Сближение с англичанами не состоялось, уступки были сделаны напрасно — даже подписка шла плохо. Ж. Вомслей сказал, что он готов дать денег, но не хочет подписать своего имени, не желая как член парламента официально участвовать в сборе, цель которого не признана правительством.
Все это и, между прочим, мое отдаление от митинга довело раздражение молодых людей до крайней степени, у них уже ходил по рукам обвинительный акт. Как нарочно, в то же время я должен был перевести русскую типографию в другое место. Зенкович, нанимавший на свое имя дом, в котором помещалась она вместе с польской типографией, был кругом в долгах, два раза уже являлись брокеры,[945] — всякий день можно было ждать, что типографию захватят вместе с другой мебелью.
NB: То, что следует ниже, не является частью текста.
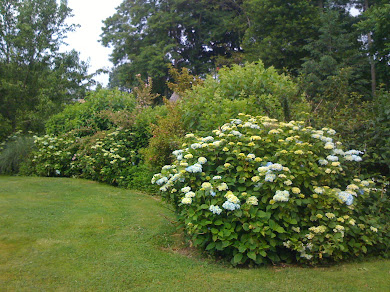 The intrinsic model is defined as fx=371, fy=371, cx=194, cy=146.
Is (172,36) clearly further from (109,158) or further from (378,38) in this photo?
(109,158)

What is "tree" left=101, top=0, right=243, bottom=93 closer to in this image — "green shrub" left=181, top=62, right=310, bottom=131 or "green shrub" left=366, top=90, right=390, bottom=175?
"green shrub" left=181, top=62, right=310, bottom=131

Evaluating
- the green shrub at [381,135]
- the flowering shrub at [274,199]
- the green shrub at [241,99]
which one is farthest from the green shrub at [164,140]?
the green shrub at [381,135]

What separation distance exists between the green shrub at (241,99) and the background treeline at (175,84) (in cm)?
2

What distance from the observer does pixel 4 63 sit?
1384 cm

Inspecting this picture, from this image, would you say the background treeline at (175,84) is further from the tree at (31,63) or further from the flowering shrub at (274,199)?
the flowering shrub at (274,199)

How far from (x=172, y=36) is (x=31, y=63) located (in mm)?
16815

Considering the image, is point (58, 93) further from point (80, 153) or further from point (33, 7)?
point (80, 153)

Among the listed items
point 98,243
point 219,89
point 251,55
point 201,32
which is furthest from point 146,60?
point 98,243

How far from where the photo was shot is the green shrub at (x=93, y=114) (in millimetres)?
9867

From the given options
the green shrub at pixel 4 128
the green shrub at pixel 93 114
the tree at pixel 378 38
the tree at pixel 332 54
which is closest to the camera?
the green shrub at pixel 93 114

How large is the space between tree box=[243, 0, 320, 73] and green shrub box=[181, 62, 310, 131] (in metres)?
13.5

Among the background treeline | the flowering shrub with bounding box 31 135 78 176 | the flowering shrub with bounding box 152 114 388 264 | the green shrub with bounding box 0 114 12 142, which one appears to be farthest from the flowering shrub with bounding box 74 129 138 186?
the green shrub with bounding box 0 114 12 142

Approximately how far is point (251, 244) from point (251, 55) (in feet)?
61.8

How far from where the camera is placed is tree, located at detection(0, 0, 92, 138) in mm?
13234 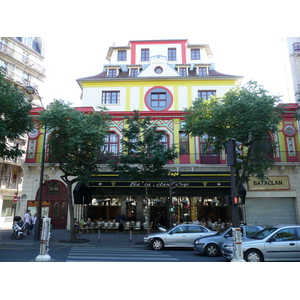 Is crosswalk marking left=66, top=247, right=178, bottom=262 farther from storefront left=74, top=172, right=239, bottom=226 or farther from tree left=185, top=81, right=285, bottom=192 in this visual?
storefront left=74, top=172, right=239, bottom=226

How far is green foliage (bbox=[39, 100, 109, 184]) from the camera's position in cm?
1706

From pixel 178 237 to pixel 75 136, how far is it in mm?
8504

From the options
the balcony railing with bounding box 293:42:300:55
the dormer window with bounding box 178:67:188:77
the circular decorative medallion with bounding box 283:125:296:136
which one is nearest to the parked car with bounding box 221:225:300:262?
the circular decorative medallion with bounding box 283:125:296:136

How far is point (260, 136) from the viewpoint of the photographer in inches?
702

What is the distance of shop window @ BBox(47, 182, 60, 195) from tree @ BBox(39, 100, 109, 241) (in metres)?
6.61

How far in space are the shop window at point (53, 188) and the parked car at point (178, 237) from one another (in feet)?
42.1

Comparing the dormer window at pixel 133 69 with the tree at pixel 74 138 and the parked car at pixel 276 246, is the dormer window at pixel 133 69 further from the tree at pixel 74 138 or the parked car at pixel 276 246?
the parked car at pixel 276 246

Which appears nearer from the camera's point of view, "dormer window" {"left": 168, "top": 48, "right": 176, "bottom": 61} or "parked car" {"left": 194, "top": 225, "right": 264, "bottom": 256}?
"parked car" {"left": 194, "top": 225, "right": 264, "bottom": 256}

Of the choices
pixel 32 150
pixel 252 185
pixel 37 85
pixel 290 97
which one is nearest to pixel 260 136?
pixel 252 185

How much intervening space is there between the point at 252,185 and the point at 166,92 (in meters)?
11.6

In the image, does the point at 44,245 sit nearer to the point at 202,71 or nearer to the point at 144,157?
the point at 144,157

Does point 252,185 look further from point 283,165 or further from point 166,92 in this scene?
point 166,92

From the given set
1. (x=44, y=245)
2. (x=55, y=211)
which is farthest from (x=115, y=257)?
(x=55, y=211)

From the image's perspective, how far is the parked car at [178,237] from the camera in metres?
14.6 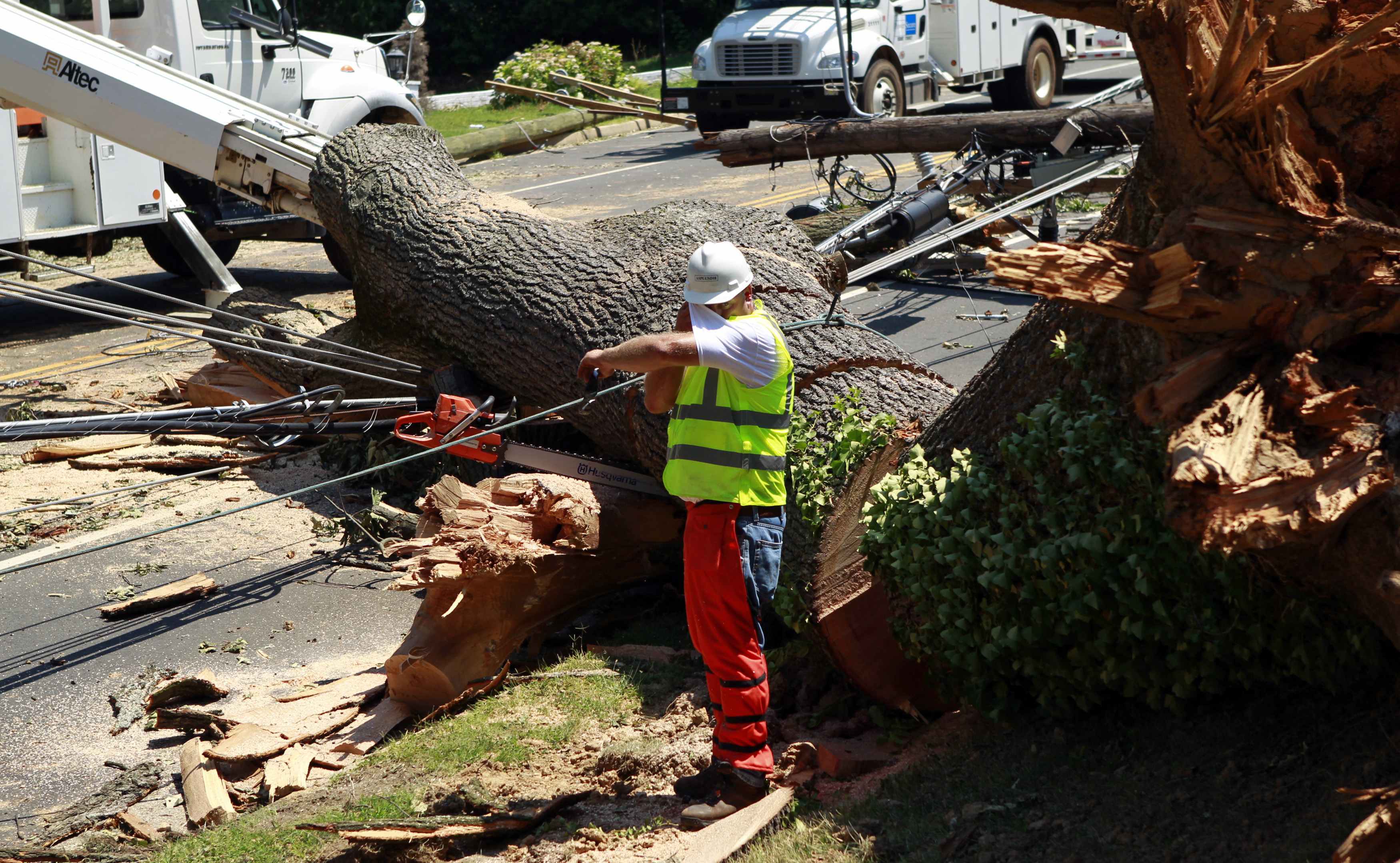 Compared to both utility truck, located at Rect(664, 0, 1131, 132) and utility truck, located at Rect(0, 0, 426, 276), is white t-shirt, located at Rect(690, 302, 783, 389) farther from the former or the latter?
utility truck, located at Rect(664, 0, 1131, 132)

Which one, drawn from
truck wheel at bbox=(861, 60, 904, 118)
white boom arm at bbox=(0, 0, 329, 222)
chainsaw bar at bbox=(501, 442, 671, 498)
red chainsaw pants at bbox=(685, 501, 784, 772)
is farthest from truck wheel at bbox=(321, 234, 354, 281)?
red chainsaw pants at bbox=(685, 501, 784, 772)

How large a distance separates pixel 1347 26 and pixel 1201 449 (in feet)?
4.72

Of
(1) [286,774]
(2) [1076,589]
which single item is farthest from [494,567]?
(2) [1076,589]

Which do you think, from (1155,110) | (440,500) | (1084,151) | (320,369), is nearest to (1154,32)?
(1155,110)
Я поручил Чернецкому ее перевести — Зенк<ович> упирался, не хотел выдать букв и принадлежностей — я написал ему холодную записку.
В ответ на нее на другой день приехал больной и расстроенный Ворцель — ко мне в Твикнем.
— Вы нам наносите Ie coup de grace[946] в то самое время, как у нас идет такая усобица, вы переводите типографию.
— Уверяю вас, что тут никаких нет политических причин, ни ссор, ни демонстраций, а очень просто: я боюсь, что опишут все у Зенк<овича>. Отвечаете ли вы мне, что этого не будет? Я на ваше честное слово положусь и типографию оставлю.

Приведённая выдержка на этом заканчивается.